Last week while my Mum was having some work done on her house (new guttering in case you were wondering) an elderly couple were seen by the workmen taking photos of the house. They came and spoke to the workmen, apparently they were from New Zealand and their father had lived in the house just before the war. For some reason they just went off then and didn't stop to speak to my Mum who was in the house, hopefully they didn't come all that way just to see that house!

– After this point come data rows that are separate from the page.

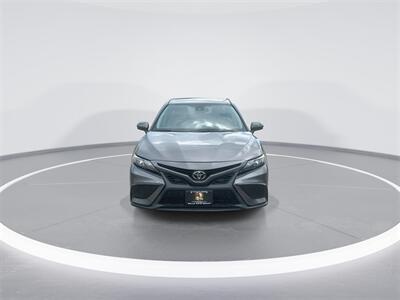 2021 Toyota Camry SE   - Photo 3 - McKinney, TX 75070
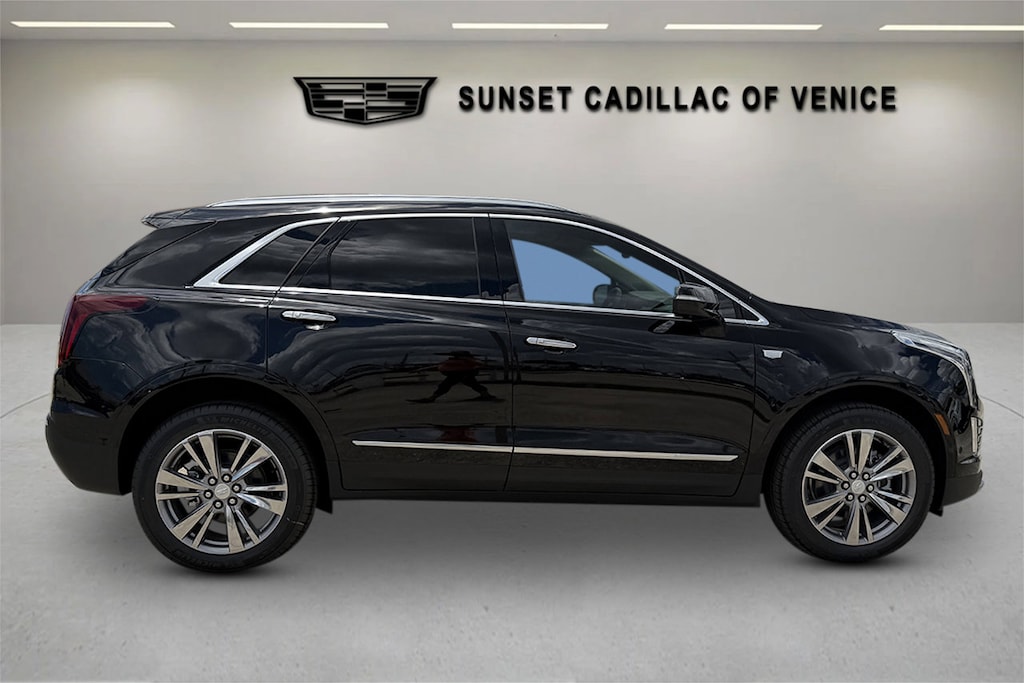 New 2026 CADILLAC XT5 Premium Luxury SUV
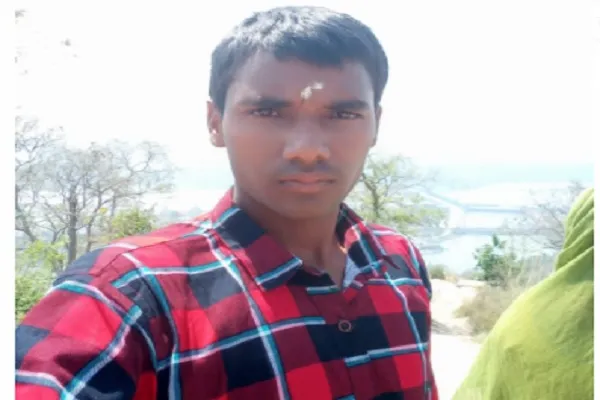 मुरादाबाद : सड़क हादसे में घायल बीएड के छात्र की उपचार के दौरान मौत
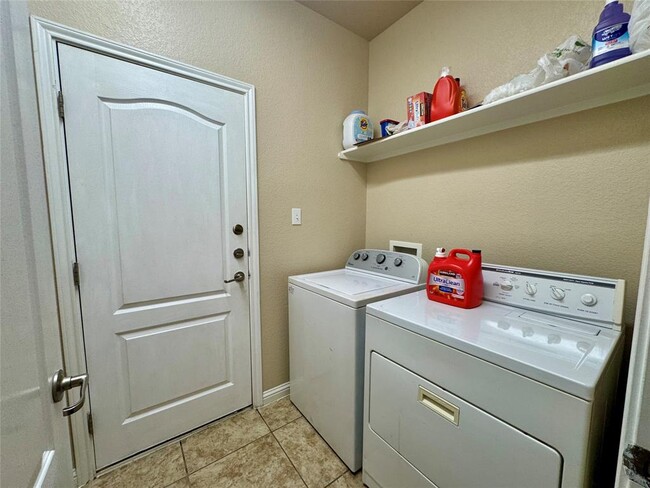 Building Photo - 205 Saddle Ridge Dr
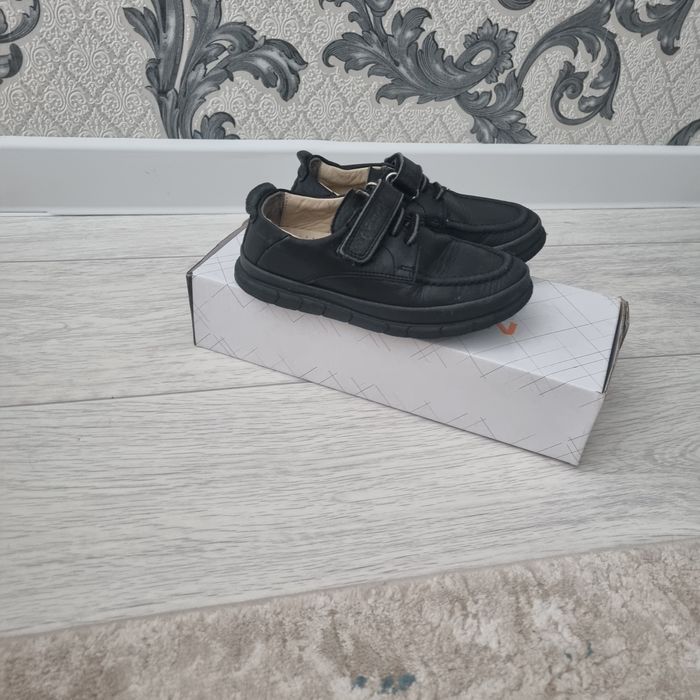 Кожаные туфли размер 28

This got me interested anyway to try and find out who the father of the people from New Zealand may have been. I had a look in the house deeds, which is a thick folder of old documents. A Mr & Mrs Pugh bought the house from new in 1929 for £440 and they sold it to a Mr Charles Henry Alexander in 1939 for £450 (house prices obviously did not rise much in the 1930s). The Pughs went to live in Marston Green so we can assume that it was their son who went to New Zealand. For completion Alexander sold the house in 1949, and it was sold again in 1956 before my parents bought it in 1975.
The old documents are fascinating (i of course have quite a lot of experience in handling old documents from when i did my History Masters). The spelling in some of the oldest from the 1920s and 1930s is atrocious! Obviously people did not have auto-correct and spell checkers back then...
Also of interest is a court summons from the 1910s. I'm not sure why that is in there unless it relates to the land the house is built on (i'll have a closer look another time). I found while doing my Masters that odd documents often appear where they shouldn't be so maybe a filing clerk at a solicitors got a bit careless once long ago.